Would you please write out only the lines running from the top of the listing through the one holding "Wholesale Cheap Phillies", exactly, with both ends kept and pictures left out?
[Start of section]
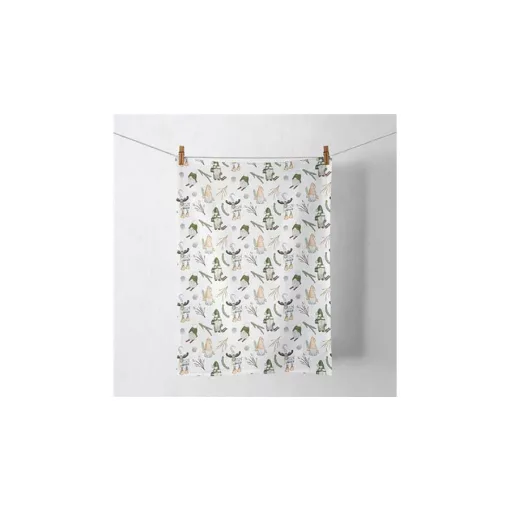 Forest gnomes white konyharuha 50x70cm, 100% pamut – Ambiente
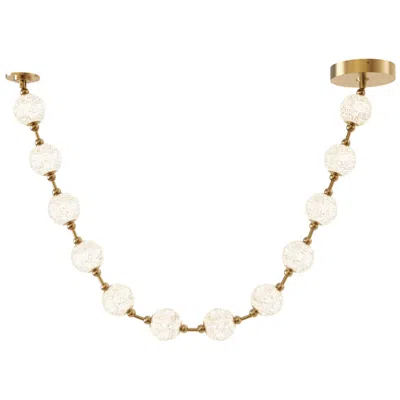 Kuzco Alora Marni Led 12 Head Natural Brass Pendant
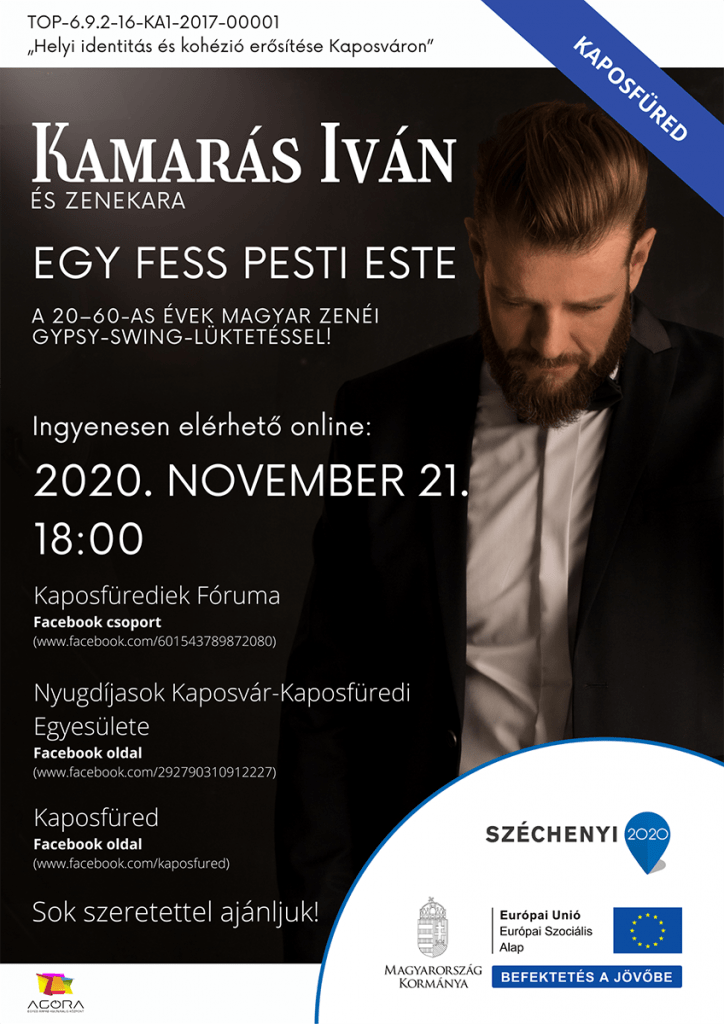 Egy fess pesti este - online koncert - Kaposfüred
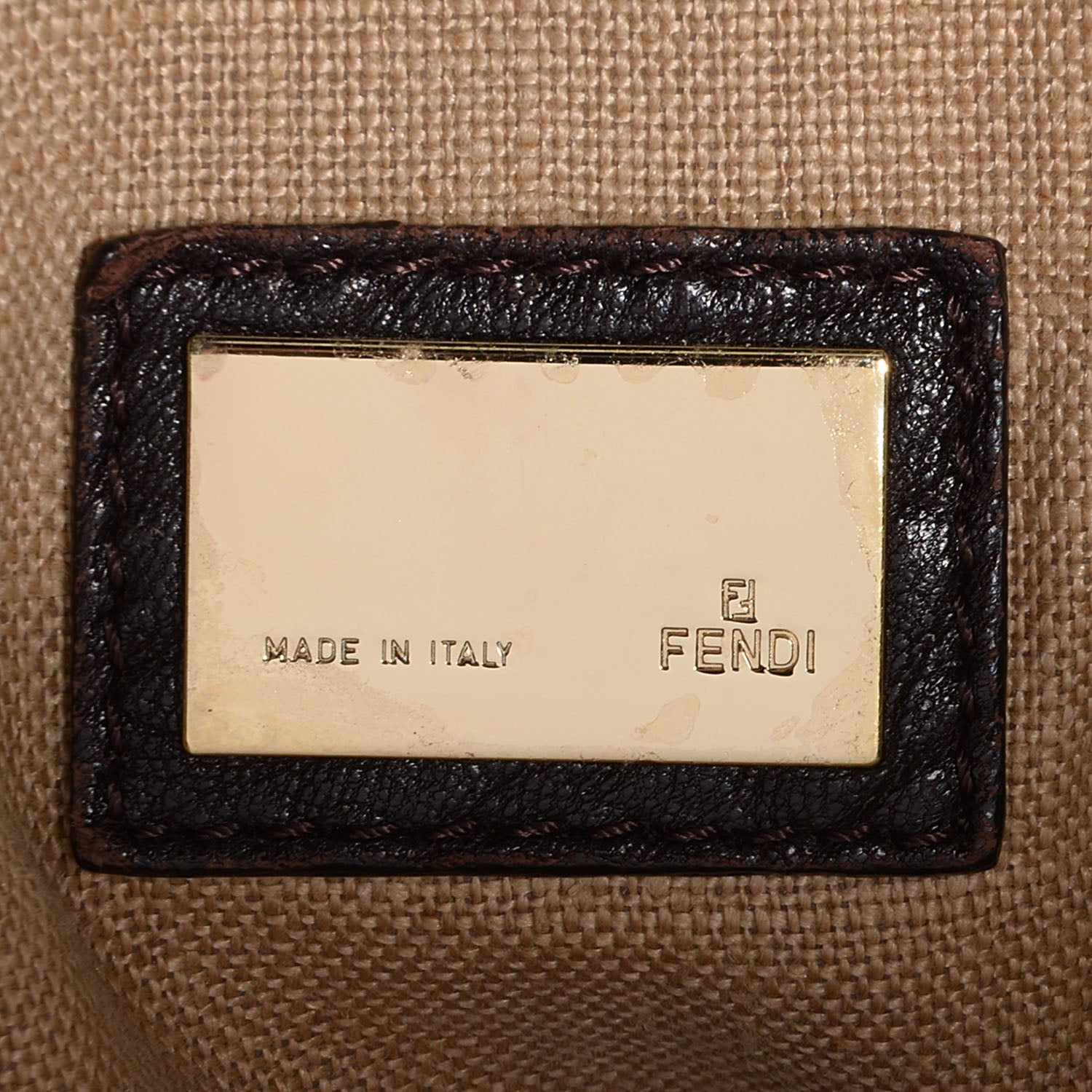 Fendi Zucca Nappa Nuvolata Vitello Tortuga Spy Tobacco Moro 6 of 9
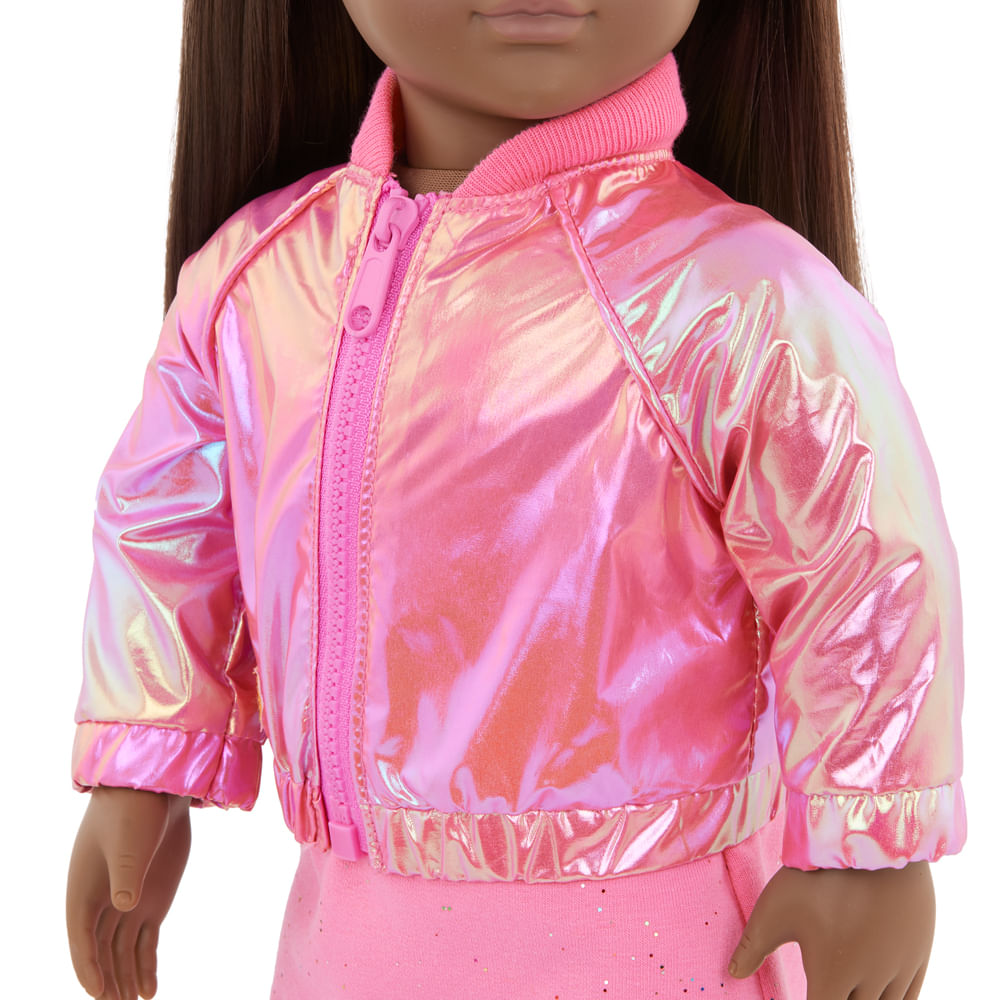 Conjunto De Roupa Our Generation Vestido Splash Of Pink - Imagem 4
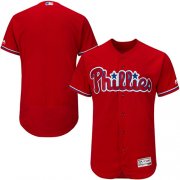 Wholesale Cheap Phillies Blank Red Flexbase Authentic Collection Stitched MLB Jersey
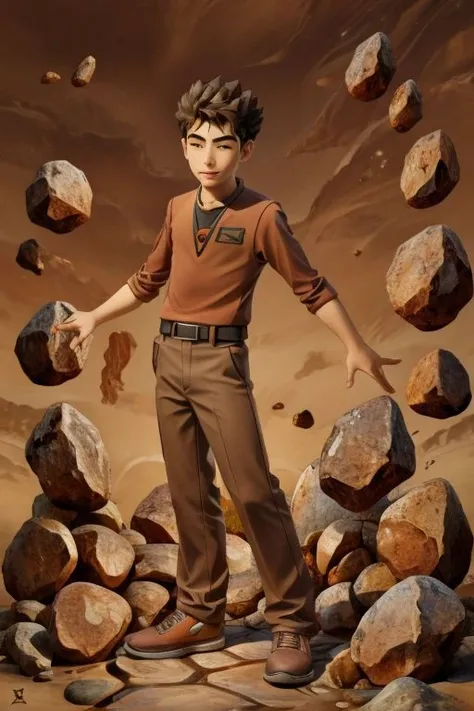1boy, brkani, brown hair,  <lora:add_detail:1> <lora:Brock:0.85>, abstract background of stones,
[End of section]
[Answer to this task]:
 Forest gnomes white konyharuha 50x70cm, 100% pamut – Ambiente
 Kuzco Alora Marni Led 12 Head Natural Brass Pendant
 Egy fess pesti este - online koncert - Kaposfüred
 Fendi Zucca Nappa Nuvolata Vitello Tortuga Spy Tobacco Moro 6 of 9
 Conjunto De Roupa Our Generation Vestido Splash Of Pink - Imagem 4
 Wholesale Cheap Phillies Blank Red Flexbase Authentic Collection Stitched MLB Jersey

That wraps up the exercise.